De l’animation dans un long métrage de fiction

Les frères Quay souhaitaient intégrer beaucoup d’animation dans ce long métrage et ainsi l’incorporer aux scènes tournées avec les comédiens. « Avoir, en quelque sorte, des comédiens qui se déplaceraient dans des décors de poupées, expliquent-ils. Nous voulions parvenir à cette intégration, ou désintégration par moments, car il y a aussi un glissement où l’on espère que le royaume des poupées va s’immiscer dans celui des humains et vice versa. Nous recherchions un état intermédiaire où l’on ne sache plus trop dans quel monde on se trouve. »

Notre critique

Par Philippe Serve

Les frères Quay – de vrais jumeaux, impossibles à identifier l’un de l’autre – creusent depuis près de 30 ans un sillon très particulier. Avant tout créateurs de films d’animation à la personnalité affirmée, ils n’ont réalisé que deux long-métrages, tous deux centrés autour de personnages et d’acteurs « réels« . Cet Accordeur de tremblements de terre fait suite au fascinant Institut Benjamenta, tourné il y a déjà onze ans (1995).

Si les deux frères sont américains, toute leur culture, toutes leurs références littéraires, artistiques, musicales et cinématographiques sont presque exclusivement européennes, avec une nette préférence pour l’Europe orientale. N’ont-ils pas déclaré : « Notre pays nous semble terne. En Amérique, il y a tant de choses grossières, prétentieuses et stupides, insulaires. Pour nous, être ici en Europe, est une immense source d’inspiration. D’une manière ou d’une autre, on n’est pas nés au bon endroit, mais nous nous sommes toujours tournés vers l’Europe et notre avons trouvé notre inspiration dans ce contexte. » Les noms les plus souvent associés au leur (et qu’ils revendiquent d’ailleurs) sont ceux de Kafka, Bergman, Paradjanov, Ghelderode, Bruno Schulz, Dovjenko, Franju, Robert Walser, Borowczyk, Tarkovski et surtout le maître de l’animation tchèque Jan Svankmajer, sans oublier un autre Américain européanisé, l’ex-Monty Python Terry Gilliam qui voyait en Institut Benjamenta : « Le film visuellement le plus beau, le plus envoûtant et le plus drôle que j’ai vu ces 300 dernières années ! ». Peu surprenant qu’on le retrouve ici producteur exécutif des frangins…
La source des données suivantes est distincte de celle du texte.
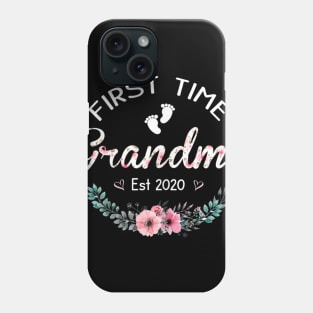 Womens Promoted to Grandma Est 2020 First Time Grandma Floral Phone Case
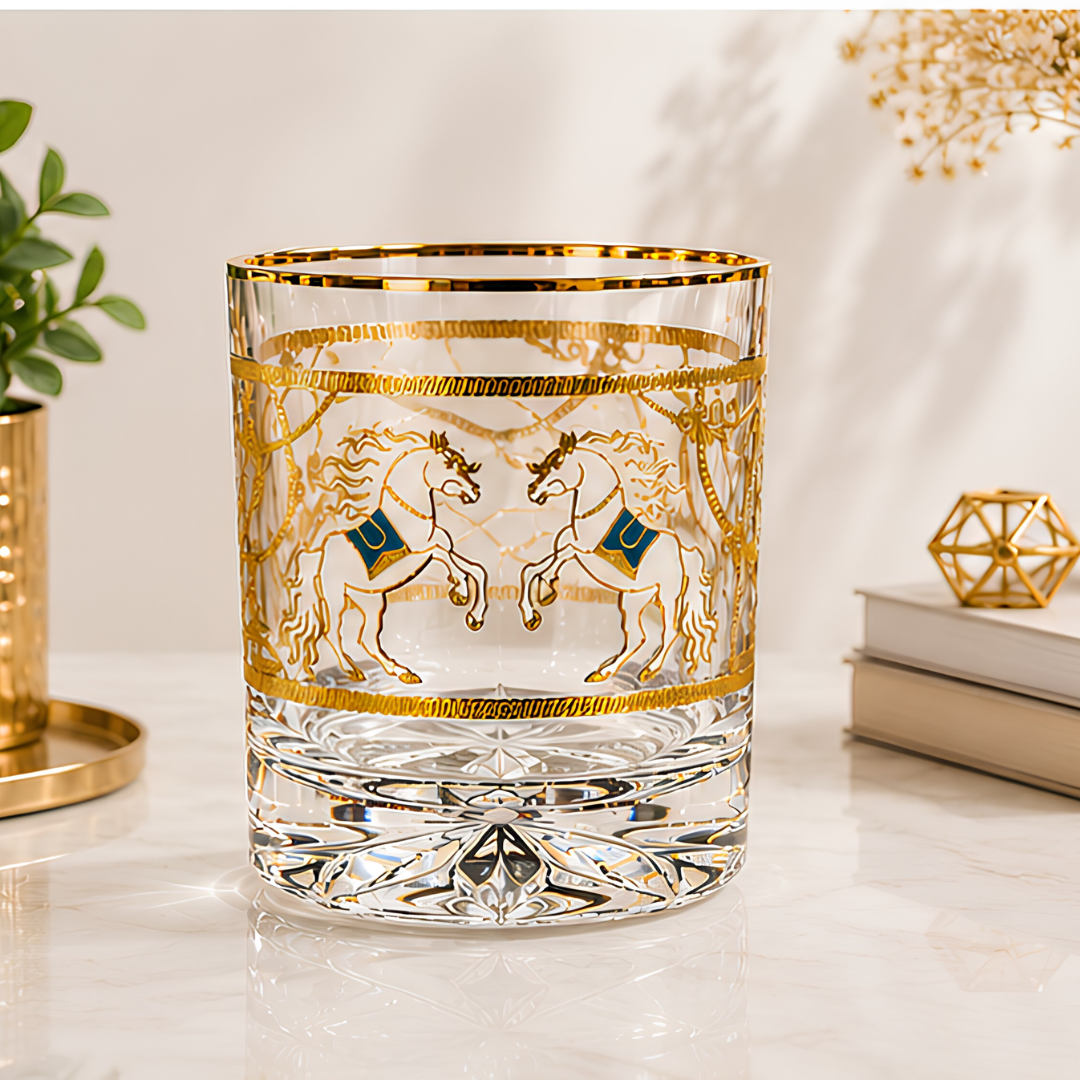 Crystal Mustang Whiskey Glass - Real Gold Plated - Set of 6 with Leather Briefcase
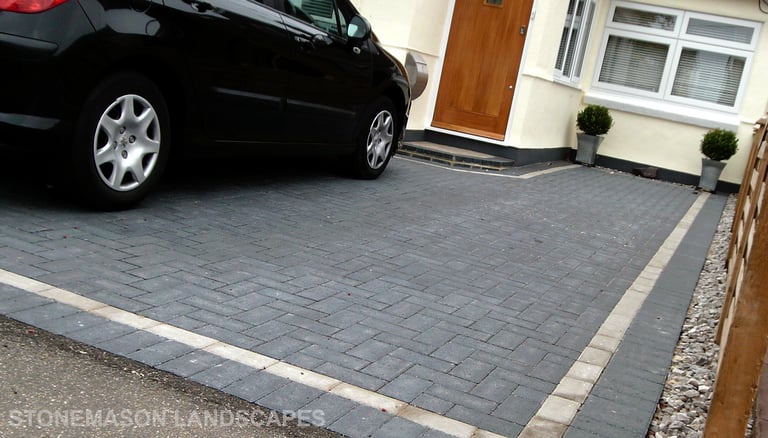 Standard charcoal block paving driveway installation - Thorndon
Autant le dire de suite : l’univers des frères Quay est essentiellement sensoriel. Un bazar des sens où chacun trouvera de quoi étancher sa soif d’expériences visuelles, auditives et quasi-tactiles. Un univers fantastique où les objets sont rois, à condition d’avoir déjà vécus, leur recyclage ou plutôt leur ré-utilisation pour ne pas dire leur résurrection demeurant le passage forcé à ce royaume onirique, toujours à la frange du rêve et du cauchemar. L’amour des détails, des gros plans d’objets faisant vivre chaque nervure reste la marque de Stephen et Timothy Quay dans chacun de leurs courts-métrages d’animation. Le passage de l’animation au cinéma live et à de vrais acteurs n’entraîna aucune des ruptures que l’on pouvait craindre, la fidélité au (superbe) noir et blanc d’Institut Benjamenta aidant à cette volonté de constance.

Mais cette débauche formelle entraîne aussi parfois quelques faiblesses scénaristiques qu’il serait vain de nier. Plus d’un spectateur sort des films des frères Quay sans avoir bien compris de quoi il relevait exactement, les histoires racontées paraissant hermétiques, et voilà aussitôt les jumeaux qualifiés de cinéastes abscons…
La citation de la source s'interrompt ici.